The son of a botany professor at Smith College, RICHARD E. WRIGHT '54 stated in his application for admission to Dartmouth that his "greatest interest in life was the out-of-doors." In the two decades since, his attitude has changed, as reflected in various important posts he has held. After some years with the Atomic Energy Commission and with NASA he determined that the atom and space were not the fields to which he wanted to devote himself. In his words, "the programs were not the most socially relevant things going." They were entirely too impersonal, and did not fit in with his ambition to "work for social change in man's environment."
Along came his appointment by the Committee of the New England Governors to be the Executive Director of the newly formed New England Regional Commission. This had been established in 1965, and was patterned after the country's first attempt at this sort of thing when President Kennedy set up the Appalachia Regional Commission.
Stated broadly, the long-range objective of the New England Commission is "to make sure that the New England states keep pace with the calendar, and to bring the region's economic and social maturity up-to-date, particularly in those areas that are lagging behind."
There is a two-part problem in New England. The first part has to do with certain scattered areas which are economically deprived. These need a shot in the arm. The second part concerns areas which have already made some adjustments to take them out of the field of low-wage industries like textiles, paper, and shoes. However, as they advance into more modern technology, difficulties arise in generating and holding a suitable supply of skilled labor.

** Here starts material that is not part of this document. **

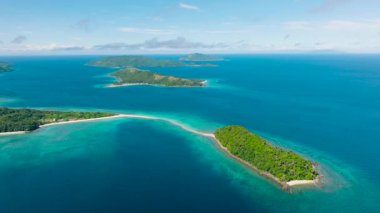 Parlak bir gökyüzünün altındaki yemyeşil adaları çevreleyen berrak turkuaz sular. Romblon, Filipinler.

Another phase of the problem is to reduce what Wright describes as "the social costs the irrelevancies." Typical of these are pollution of air and water, congestion of the highways and skyways, accumulation of wastes in the cities, and dislocations in family living brought about by the flight of industry from the inner cities to the suburbs. This latter move necessitates "reverse commuting" which the blue collar worker cannot cope with successfully, primarily because of transportation difficulties. Here the solution may be to widen the ring of activity to a radius of 150 to 200 miles from a central core such as Boston, and to create new industrial sub-centers which might be as far away as St. Johnsbury, Vt., or Bangor, Me.
These newly formed "growth centers" according to Wright "will pump life into a single central point, and attract new life. Eventually the whole area will be sustained." He stresses the need for more regional training schools, but "not of the agricultural or home economics type." As a good example of a specialized training center he cites Boston's Lemuel Shattuck Hospital, where the Commission is developing teachers equipped to train hard-core unemployed for sub-professional health jobs such as nurses aides, home health aides, and assistants to physio-therapists.
With a staff of 33 professionals at his command, Dick Wright's job is to set up a commission in each of the six New England states, and to guide each of these in the formation of a central planning agency. Each agency would then develop its own "public investment plan."
As to his job's future, Wright comments, "The governors could have picked some political type for the position, but I've found that they seldom get partisan in projects of this character, and that they are capable of statesmanship behavior at the regional level. However, I could always become a casualty!"